We then caught a cab to our hotel, the Alma do Pico, which is a quiet retreat nestled in the forest just above the town of Madalena.  We checked into our room, which is super cute and quite the step up from our basic AirBnB in Ponta Delgada.

Having our priorities straight, we also quickly zipped out to find the local supermarket, where we stocked up on wine and chips.

We had a fabulous dinner last night at the hotel restaurant, and enjoyed views of the island of Faial on one side, and Pico mountain on the other.  So nice!

We knew today was going to be overcast and possibly rainy, so we decided to walk around town and explore a little bit.

We walked down to the harbour, and along the coastline until we reached UNESCO world heritage vineyards that dated from the 15th century.  They were quite a sight - row upon row of low basalt stone walls, sheltering and warming the grapevines, as far as we could see.

It's a bit crazy to think that over 500 years ago, people braved sailing the atlantic, and one of the first things they did when they got to Pico was make sure they had their continued wine supply assured.  Priorities, AMIRITE?

We then wandered back into town and had some Super Bock beer and pizza at a bar in the harbour, and hung out for a bit until it was time to take a taxi to the Gruta das Torres, which is a 5 km lava tube that you can go explore. Quick tip for any future visitors - make sure you call ahead, as there are limited tours each day and they seem to book up quickly! Our hotel gave us great advice and called ahead for us. :)

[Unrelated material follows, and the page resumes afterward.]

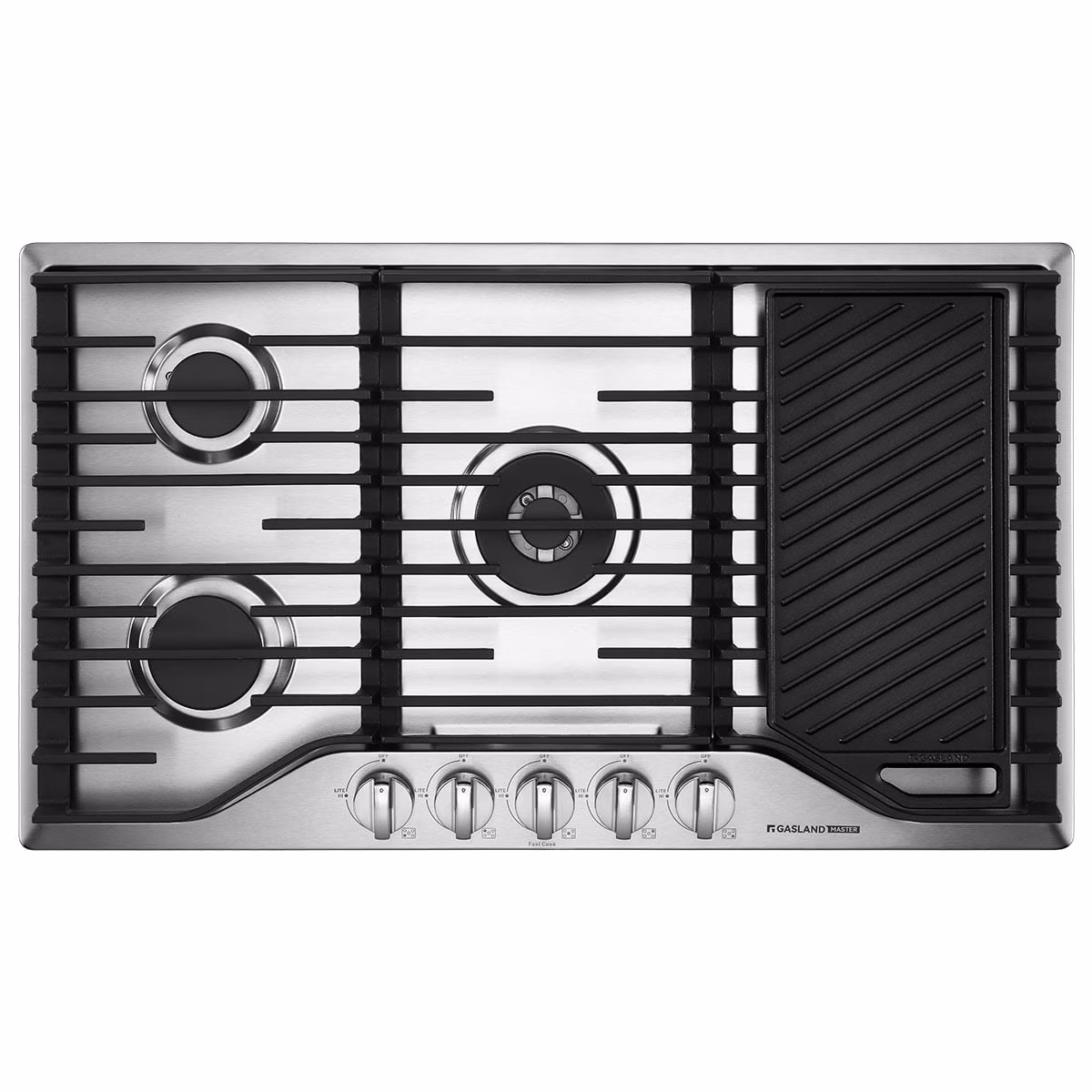 GASLAND Master Series 36 Inch Gas Cooktop with Griddle PRO GH3905SS1FC with 5 Burners,CSA certified,120V Plug-in, NG/LPG Convertible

It was my first time headed underground in any sort of cave, so I wasn't sure how I'd feel about it, but the coolness of seeing all the different types of lava overshadowed any claustrophobia I felt (I am a rock nerd....what can I say....).

Look at the cool ropey lava!

A couple of preliminary observations about Pico:

1. The ubiquitous black basalt walls attract tons and tons of tiny green-black lizards.  I don't have any good pics though because those little dudes are FAST - you see the flicker of them scattering away as you walk along the road.

(the next two apply equally to both Sao Miguel and Pico)
2. Cows can go everywhere.  I think of them as a pasture animal, but the Azorean cows seem extremely content with the views they find up mountains, cliffs and calderas.  On all of the hikes we've done, we've seen cows in the craziest places.

3. It seems like there are many, many Azoreans who have connections to Canada - either personally of through family.  Our jeep tour driver had family in Canada and had visited several times, and the cab driver we had today had lived in Canada for 20 years.  It's a small world, and there certainly seem to be many connections between the Azores and Canada.

Anyway, that is it for tonight as I'm trying to get this posted before Zoe has to go to bed (so she can read it).  :)  Tomorrow it is supposed to rain a lot, so we will probably have a pretty quiet day until it clears.